Crawled caption data
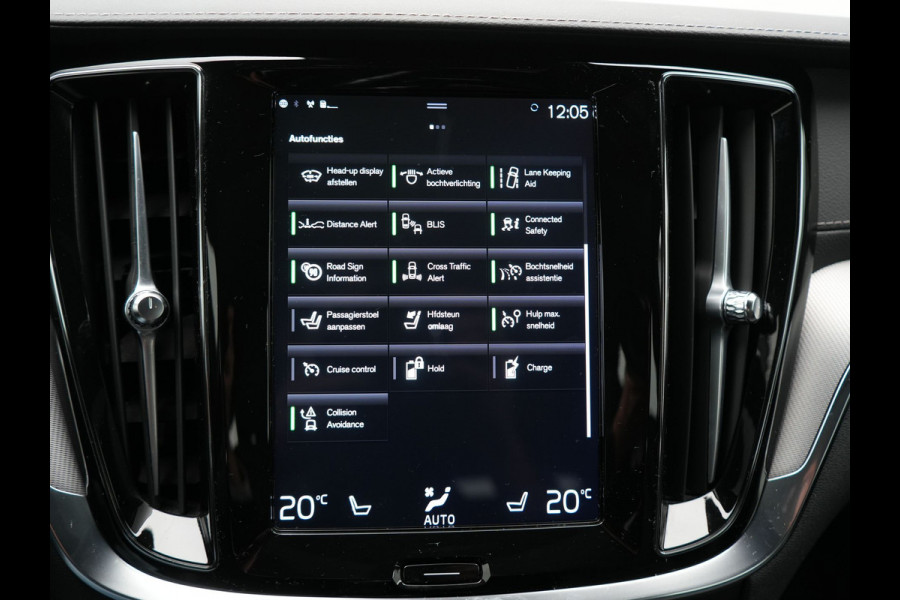 Volvo V60 T8 Twin Engine AWD Inscription Plug In Hybrid 390pk Dealer O.H. PHEV | Trekhaak Af Fabriek | Panodak | Adaptive Cruise | Head Up | Harman & Kardon | Lederen Sportstoelen Memory & Verwarmd | Blis | Pilot Assist | Spotify | Navigatie | Virtual | DAB | Volvo V60 T8 Twin Engine AWD Inscription Plug In Hybrid 390pk Dealer O.H. PHEV | Trekhaak Af Fabriek | Panodak | Adaptive Cruise | Head Up | Harman & Kardon | Lederen Sportstoelen Memory & Verwarmd | Blis | Pilot Assist | Spotify | Navigatie | Virtual | DAB |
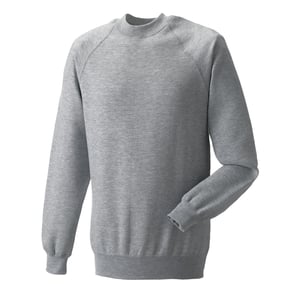 Russell Klassisches Sweatshirt (Helles Oxford)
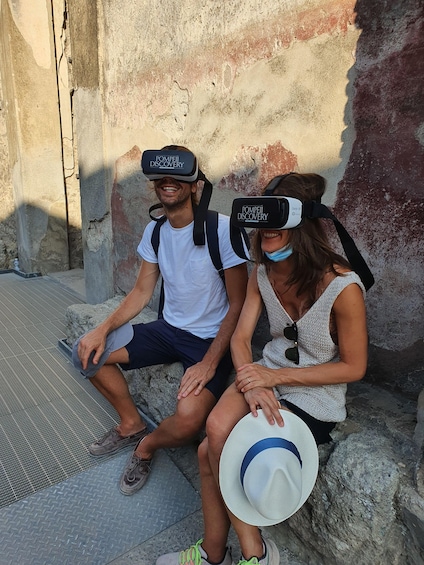 Picture 1 for Activity Pompeii Ruins: Virtual Tour 360° with Authorized Storyteller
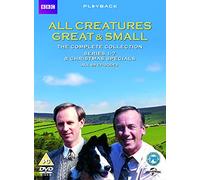All Creatures Great and Small Complete Collection [DVD] [2013]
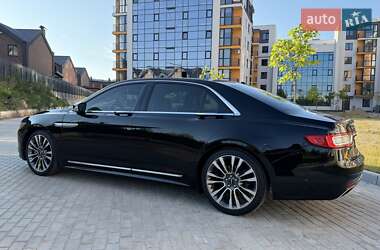 Седан Lincoln Continental 2017 в 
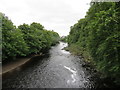 H1394 : River  Finn  at  Ballybofey by Martin Dawes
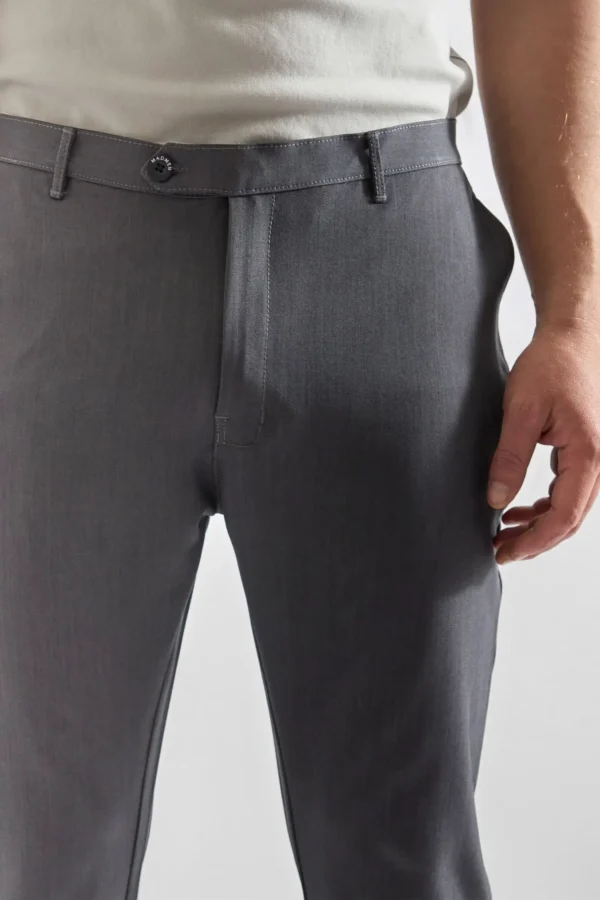 Pantalón Jog Gi Gris - Imagen 4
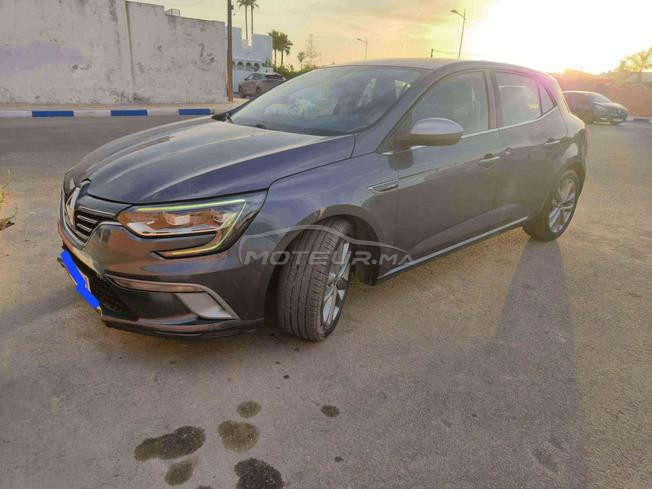 megane 4 gt line faible kilométrage 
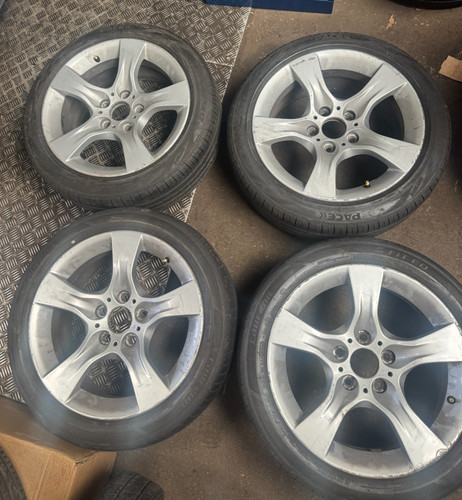 Bmw 17inch alloy - alloy, 5x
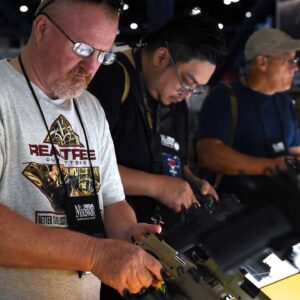 Former NRA lobbyist discusses bridging America's stark divide on gun reforms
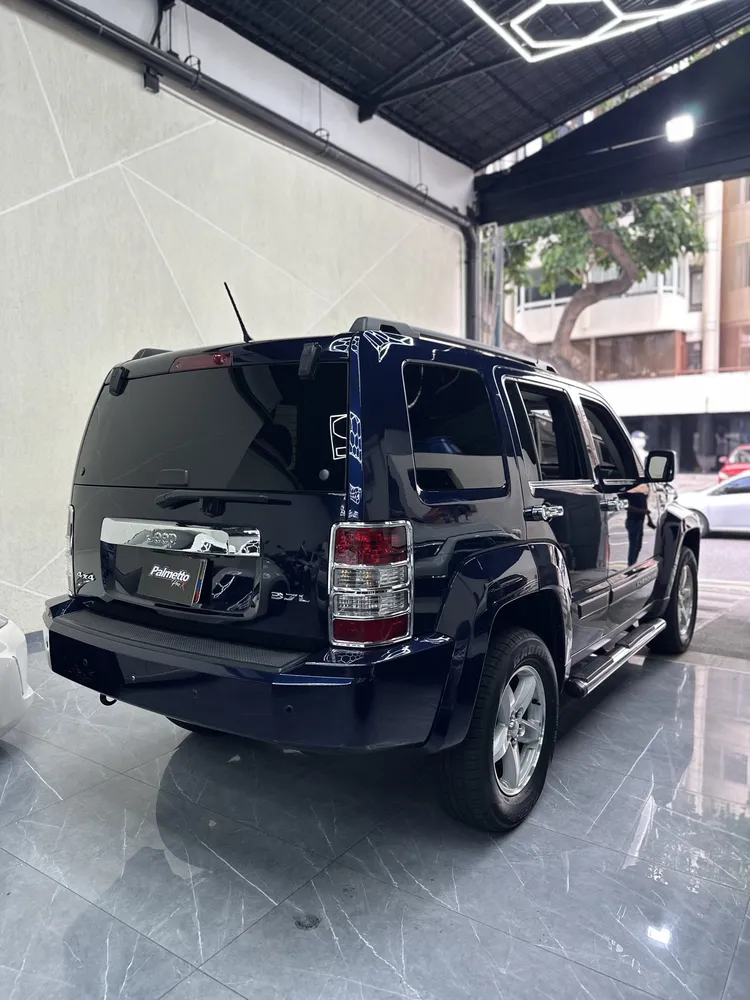 Jeep Cherokee kk 2013 Blanco Caracas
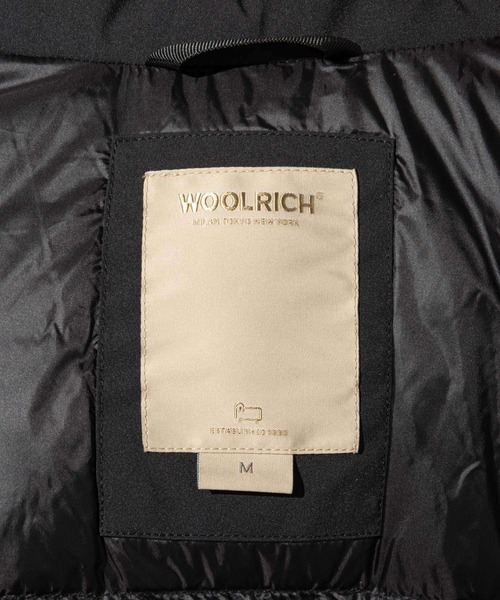 WOOLRICH（ウールリッチ）の「WOOLRICH STRETCH JACKET ウールリッチ ストレッチ ダウンジャケット（ダウンジャケット/コート・メンズ・ブラック・LARGE/MEDIUM/SMALL）」の19枚目の写真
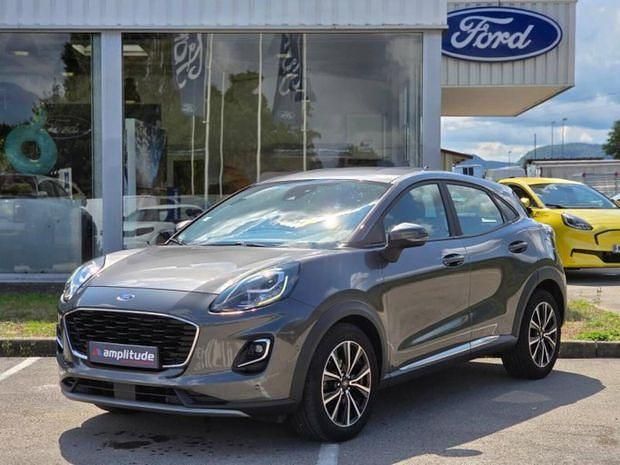 Gris Utilisé 2021 Ford Puma Business Edition | 15 999 € (Prix juste) - Image 1/4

YOUR INSTRUCTIONS: Output only the lines that run from the line containing "Former NRA lobbyist" to the last line of the data, exactly as they stand and without pictures.

EXERCISE SOLUTION:
 Former NRA lobbyist discusses bridging America's stark divide on gun reforms
 Jeep Cherokee kk 2013 Blanco Caracas
 WOOLRICH（ウールリッチ）の「WOOLRICH STRETCH JACKET ウールリッチ ストレッチ ダウンジャケット（ダウンジャケット/コート・メンズ・ブラック・LARGE/MEDIUM/SMALL）」の19枚目の写真
 Gris Utilisé 2021 Ford Puma Business Edition | 15 999 € (Prix juste) - Image 1/4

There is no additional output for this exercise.